Recently I had dinner with a friend who was discussing the way(s) in which political considerations have driven AIDS research and disclosure. I asked him, "Can you imagine a man with AIDS NOT being asked by his own doctor whether he's homosexual?" We agreed that that would be scandalous; the patient with serious and perhaps terminal illness is not permitted (by the responsible physician) ignorance of known risk factors impacting his illness...usually.
Most importantly, responsible preventative measures must be taught to the public. We caution people about "safe sex", but not about abortion's risks? (So how "safe" was that sex?)

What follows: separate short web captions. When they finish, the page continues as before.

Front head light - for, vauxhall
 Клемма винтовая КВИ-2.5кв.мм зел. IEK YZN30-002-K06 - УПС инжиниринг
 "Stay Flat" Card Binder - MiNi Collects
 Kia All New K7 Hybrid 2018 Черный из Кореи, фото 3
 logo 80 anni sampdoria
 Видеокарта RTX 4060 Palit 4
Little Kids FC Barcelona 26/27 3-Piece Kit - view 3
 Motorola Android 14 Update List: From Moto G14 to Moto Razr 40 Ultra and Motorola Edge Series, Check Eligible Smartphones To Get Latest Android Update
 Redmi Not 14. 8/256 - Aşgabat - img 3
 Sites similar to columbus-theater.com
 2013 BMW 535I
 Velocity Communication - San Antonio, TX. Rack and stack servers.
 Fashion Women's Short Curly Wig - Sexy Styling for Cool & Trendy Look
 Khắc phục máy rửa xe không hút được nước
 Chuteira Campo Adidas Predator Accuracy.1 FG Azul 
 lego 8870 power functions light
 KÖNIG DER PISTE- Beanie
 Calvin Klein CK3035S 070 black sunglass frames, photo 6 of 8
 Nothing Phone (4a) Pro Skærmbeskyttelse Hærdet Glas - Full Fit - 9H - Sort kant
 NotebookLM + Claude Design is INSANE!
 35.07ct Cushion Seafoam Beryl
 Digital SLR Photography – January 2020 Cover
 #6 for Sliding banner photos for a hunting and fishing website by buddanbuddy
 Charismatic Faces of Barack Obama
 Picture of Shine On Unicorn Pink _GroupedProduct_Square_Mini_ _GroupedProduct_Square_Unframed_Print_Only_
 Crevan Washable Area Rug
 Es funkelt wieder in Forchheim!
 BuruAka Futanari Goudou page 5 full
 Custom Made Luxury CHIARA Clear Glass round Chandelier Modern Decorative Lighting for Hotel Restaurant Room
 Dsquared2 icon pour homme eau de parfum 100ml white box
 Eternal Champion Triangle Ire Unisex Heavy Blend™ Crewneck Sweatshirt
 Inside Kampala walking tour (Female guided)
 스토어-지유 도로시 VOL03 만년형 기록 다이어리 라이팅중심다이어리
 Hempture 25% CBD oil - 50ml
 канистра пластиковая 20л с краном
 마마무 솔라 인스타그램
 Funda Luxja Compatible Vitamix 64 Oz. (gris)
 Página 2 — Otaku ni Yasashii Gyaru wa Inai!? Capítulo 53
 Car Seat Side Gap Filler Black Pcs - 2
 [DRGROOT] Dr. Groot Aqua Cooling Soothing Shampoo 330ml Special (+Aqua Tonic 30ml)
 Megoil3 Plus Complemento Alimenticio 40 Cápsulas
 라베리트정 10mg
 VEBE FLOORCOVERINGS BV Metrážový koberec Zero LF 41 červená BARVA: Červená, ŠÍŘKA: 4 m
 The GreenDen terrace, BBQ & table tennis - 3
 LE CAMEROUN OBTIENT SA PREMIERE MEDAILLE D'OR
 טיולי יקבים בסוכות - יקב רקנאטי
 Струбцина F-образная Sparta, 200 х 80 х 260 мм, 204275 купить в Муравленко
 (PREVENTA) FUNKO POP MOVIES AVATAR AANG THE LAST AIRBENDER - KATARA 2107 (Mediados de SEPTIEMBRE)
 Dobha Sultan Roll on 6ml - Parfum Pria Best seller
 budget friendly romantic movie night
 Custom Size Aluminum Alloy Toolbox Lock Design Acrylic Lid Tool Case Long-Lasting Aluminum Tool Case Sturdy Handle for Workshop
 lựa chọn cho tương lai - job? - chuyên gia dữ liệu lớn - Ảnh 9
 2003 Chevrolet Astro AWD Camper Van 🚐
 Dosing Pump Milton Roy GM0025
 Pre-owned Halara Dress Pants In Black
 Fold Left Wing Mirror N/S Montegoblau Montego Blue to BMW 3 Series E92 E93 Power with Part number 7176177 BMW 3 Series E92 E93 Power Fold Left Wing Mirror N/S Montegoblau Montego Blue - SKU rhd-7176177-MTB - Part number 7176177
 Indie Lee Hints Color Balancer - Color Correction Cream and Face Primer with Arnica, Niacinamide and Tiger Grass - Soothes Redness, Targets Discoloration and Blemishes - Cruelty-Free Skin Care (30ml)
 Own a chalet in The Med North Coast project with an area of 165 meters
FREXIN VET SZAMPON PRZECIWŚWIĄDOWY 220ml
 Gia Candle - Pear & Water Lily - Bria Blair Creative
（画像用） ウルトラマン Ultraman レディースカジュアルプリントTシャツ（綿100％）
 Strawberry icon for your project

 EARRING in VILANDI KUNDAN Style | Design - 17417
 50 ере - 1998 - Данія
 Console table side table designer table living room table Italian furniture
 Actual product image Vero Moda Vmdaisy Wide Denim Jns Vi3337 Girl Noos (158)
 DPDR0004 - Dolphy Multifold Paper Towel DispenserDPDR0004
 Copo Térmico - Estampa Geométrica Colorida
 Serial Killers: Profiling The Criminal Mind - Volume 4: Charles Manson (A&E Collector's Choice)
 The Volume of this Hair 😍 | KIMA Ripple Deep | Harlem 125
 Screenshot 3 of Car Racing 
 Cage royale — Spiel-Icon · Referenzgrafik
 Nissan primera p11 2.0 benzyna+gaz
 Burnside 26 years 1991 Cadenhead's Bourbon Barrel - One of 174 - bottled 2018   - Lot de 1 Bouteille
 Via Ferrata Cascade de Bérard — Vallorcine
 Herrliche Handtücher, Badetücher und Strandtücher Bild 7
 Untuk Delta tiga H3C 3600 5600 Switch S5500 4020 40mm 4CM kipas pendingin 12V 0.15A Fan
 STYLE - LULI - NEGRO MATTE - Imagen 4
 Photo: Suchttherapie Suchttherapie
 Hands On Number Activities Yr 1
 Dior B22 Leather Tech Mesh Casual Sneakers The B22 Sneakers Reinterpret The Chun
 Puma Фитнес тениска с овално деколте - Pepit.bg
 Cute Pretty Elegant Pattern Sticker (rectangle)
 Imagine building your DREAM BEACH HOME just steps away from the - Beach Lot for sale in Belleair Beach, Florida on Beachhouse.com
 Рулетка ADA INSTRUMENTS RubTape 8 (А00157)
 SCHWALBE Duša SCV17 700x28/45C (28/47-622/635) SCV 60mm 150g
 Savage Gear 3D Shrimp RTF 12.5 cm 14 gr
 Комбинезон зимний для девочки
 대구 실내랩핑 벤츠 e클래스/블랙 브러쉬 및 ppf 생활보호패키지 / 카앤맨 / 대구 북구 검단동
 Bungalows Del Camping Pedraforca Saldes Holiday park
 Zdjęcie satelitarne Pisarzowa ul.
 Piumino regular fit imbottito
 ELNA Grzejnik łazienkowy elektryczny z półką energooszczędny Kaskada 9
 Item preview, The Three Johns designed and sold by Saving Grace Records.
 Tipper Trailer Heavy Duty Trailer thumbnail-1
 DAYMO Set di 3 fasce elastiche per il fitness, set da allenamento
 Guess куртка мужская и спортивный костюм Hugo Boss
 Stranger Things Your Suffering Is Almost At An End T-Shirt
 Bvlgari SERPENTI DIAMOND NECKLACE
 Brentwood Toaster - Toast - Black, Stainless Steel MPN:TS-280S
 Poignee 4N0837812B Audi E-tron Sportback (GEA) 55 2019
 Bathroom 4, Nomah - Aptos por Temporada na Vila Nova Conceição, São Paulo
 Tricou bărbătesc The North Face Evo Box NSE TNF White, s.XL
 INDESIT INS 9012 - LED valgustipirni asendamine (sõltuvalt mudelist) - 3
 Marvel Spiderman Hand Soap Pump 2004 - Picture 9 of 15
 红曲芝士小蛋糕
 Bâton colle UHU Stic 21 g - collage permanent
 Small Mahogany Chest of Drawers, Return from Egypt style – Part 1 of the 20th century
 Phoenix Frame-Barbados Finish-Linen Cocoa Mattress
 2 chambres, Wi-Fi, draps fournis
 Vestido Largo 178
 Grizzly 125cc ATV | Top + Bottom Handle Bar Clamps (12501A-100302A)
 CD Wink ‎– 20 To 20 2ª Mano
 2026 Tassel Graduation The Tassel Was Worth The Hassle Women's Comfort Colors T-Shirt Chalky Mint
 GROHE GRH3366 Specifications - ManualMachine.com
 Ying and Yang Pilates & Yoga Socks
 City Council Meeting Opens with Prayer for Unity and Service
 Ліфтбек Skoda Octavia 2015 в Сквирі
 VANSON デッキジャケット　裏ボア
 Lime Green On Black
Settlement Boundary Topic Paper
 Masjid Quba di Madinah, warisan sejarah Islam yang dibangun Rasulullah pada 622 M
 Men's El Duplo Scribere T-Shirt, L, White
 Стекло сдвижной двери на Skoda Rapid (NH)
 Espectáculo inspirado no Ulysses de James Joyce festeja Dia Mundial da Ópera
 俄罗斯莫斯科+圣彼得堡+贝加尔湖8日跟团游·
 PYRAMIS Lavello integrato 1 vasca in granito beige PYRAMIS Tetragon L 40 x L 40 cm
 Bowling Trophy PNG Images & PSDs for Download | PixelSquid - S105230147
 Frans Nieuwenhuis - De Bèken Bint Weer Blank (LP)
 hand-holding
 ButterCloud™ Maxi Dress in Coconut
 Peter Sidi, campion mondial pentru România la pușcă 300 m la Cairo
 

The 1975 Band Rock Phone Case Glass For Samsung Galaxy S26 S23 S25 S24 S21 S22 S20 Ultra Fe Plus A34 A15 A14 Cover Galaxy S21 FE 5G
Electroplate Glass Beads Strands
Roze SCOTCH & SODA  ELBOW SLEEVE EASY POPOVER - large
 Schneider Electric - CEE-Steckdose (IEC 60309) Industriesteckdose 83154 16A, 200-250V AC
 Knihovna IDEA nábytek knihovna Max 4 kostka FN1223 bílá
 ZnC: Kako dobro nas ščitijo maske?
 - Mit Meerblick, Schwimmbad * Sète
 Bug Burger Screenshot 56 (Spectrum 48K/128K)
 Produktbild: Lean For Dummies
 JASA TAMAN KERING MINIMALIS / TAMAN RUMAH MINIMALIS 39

Dr. D'Adamo has stated, in his Blood Type Encyclopedia, that there is research implicating vasectomy as a prostate cancer risk-factor. This link, too, is not generally known. Even the birth control pill's health risks were considered "politically incorrect" to mention in the early days of the Sexual Revolution. What does that tell us about that Revolution? Are there subversive elements embedded within it, demanding public ignorance of its risks?
If women (and men) need to be "Free to Choose", then these must be EDUCATED choices. Induced abortion can have serious health repercussions, as can IUDs, Birth Control Pills, "unsafe sex", and vasectomies. All women and men deserve to have these risks candidly explained.